**Task to complete**
Could you retype the whole listing word for word and drop the images?

(Data section begins)

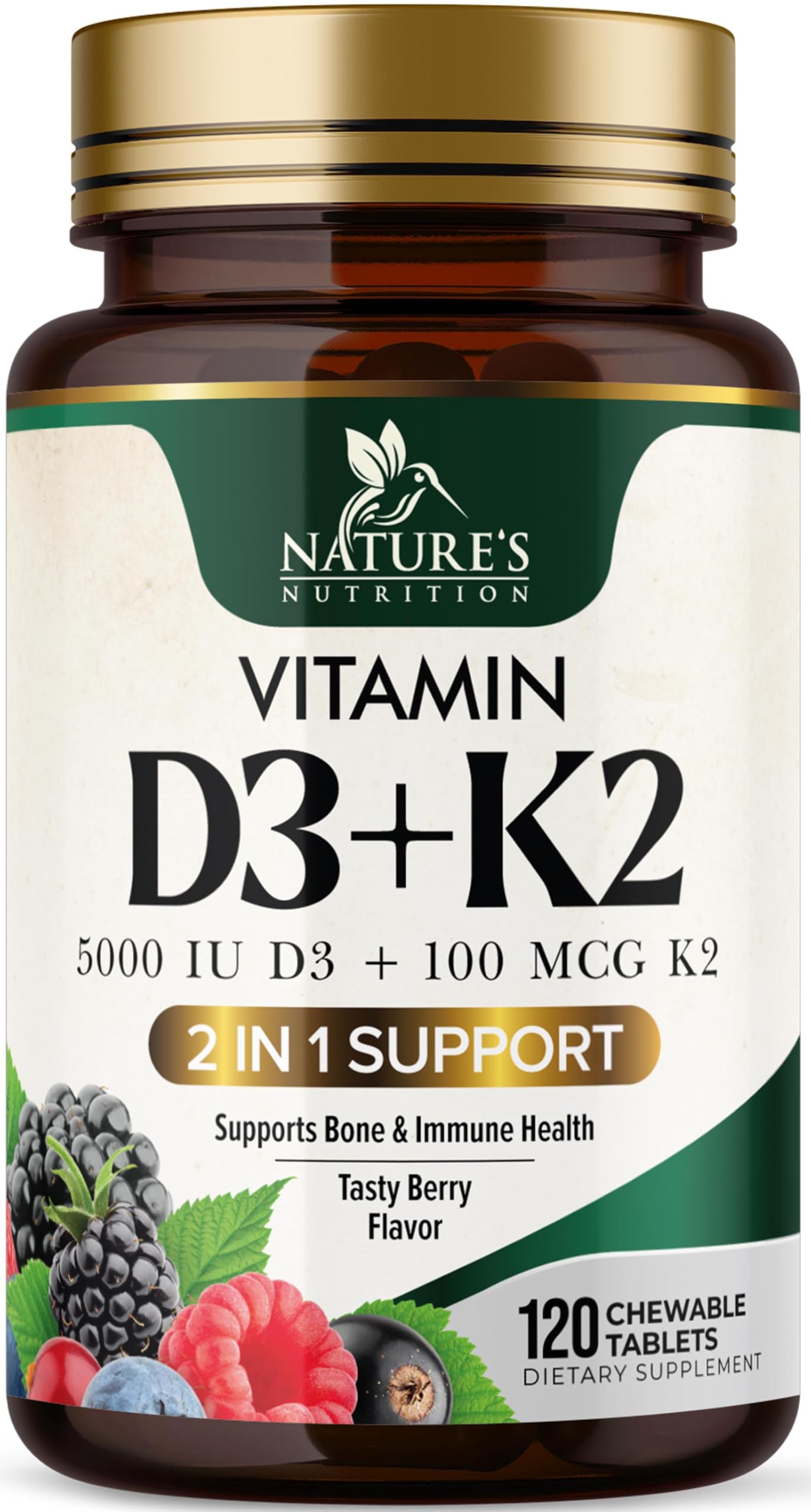 Nature's Nutrition Vitamin D3 K2 chewable berry tablet for daily immune and bone support.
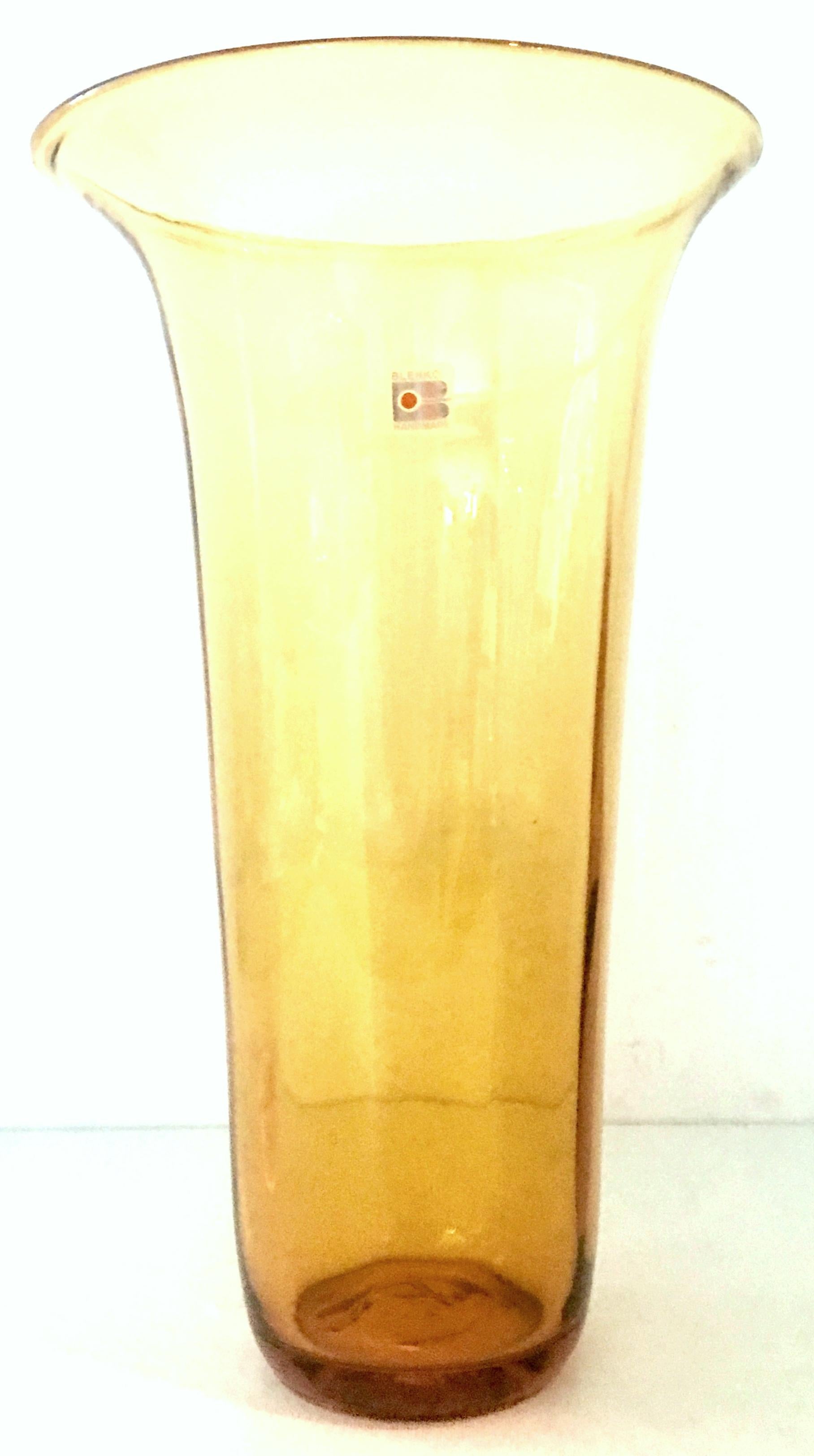 1980'S Amber Optic Tall Art Glass vase by Blenko Glass Co. Maintains the original Blenko sticker, Handmade-Blenko.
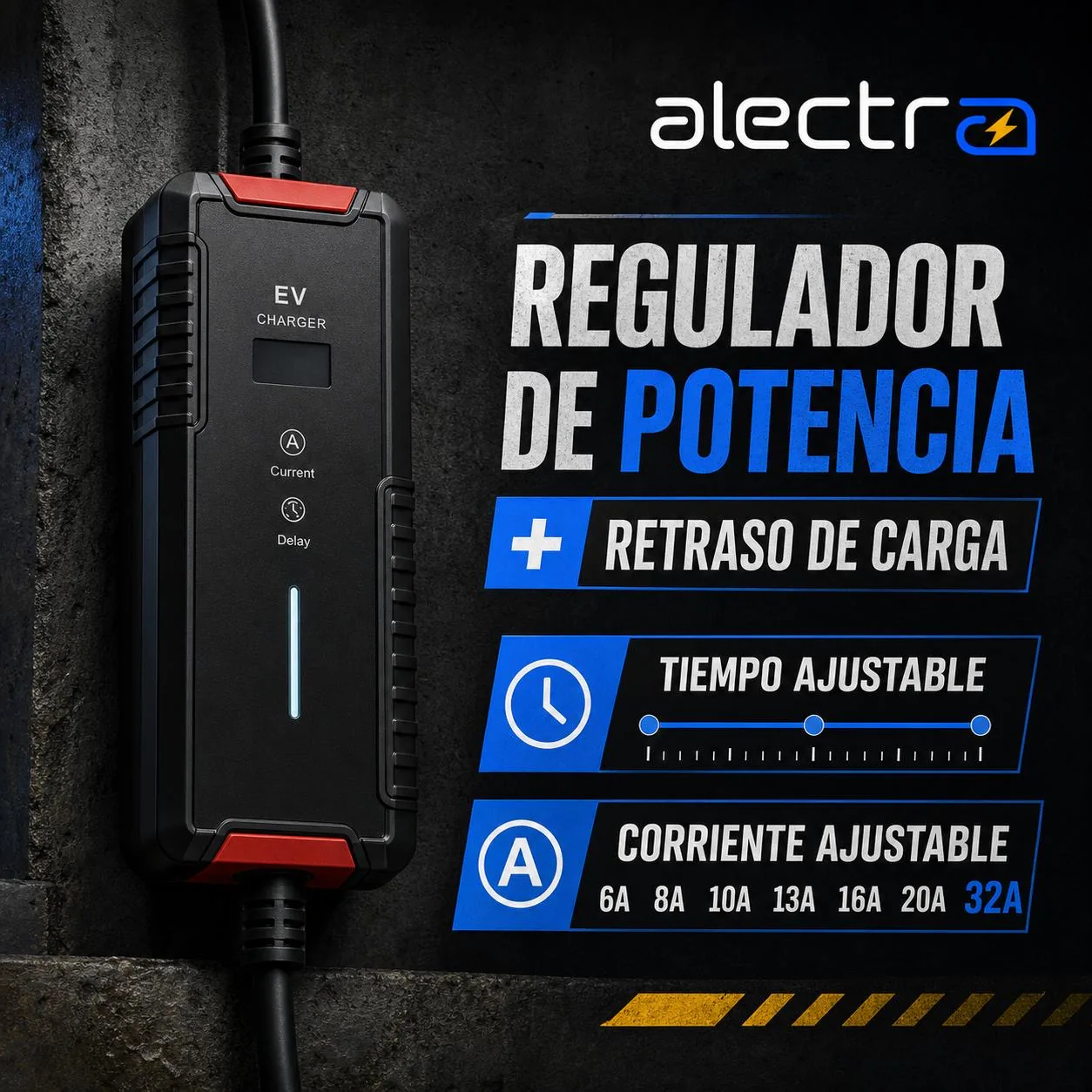 Regulador de potencia Alectra con corriente ajustable y retraso de carga.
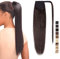 SEGO Clip in Ponytail Zopf Echthaar Pferdeschwanz Haarteil Extensions Haarverlängerung Pony Remy Hair Piece Dunkelbraun #2-1 35.56 cm (70 g)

(Data section ends)

**Solution to this exercise**
 Nature's Nutrition Vitamin D3 K2 chewable berry tablet for daily immune and bone support.
 1980'S Amber Optic Tall Art Glass vase by Blenko Glass Co. Maintains the original Blenko sticker, Handmade-Blenko.
 Regulador de potencia Alectra con corriente ajustable y retraso de carga.
 SEGO Clip in Ponytail Zopf Echthaar Pferdeschwanz Haarteil Extensions Haarverlängerung Pony Remy Hair Piece Dunkelbraun #2-1 35.56 cm (70 g)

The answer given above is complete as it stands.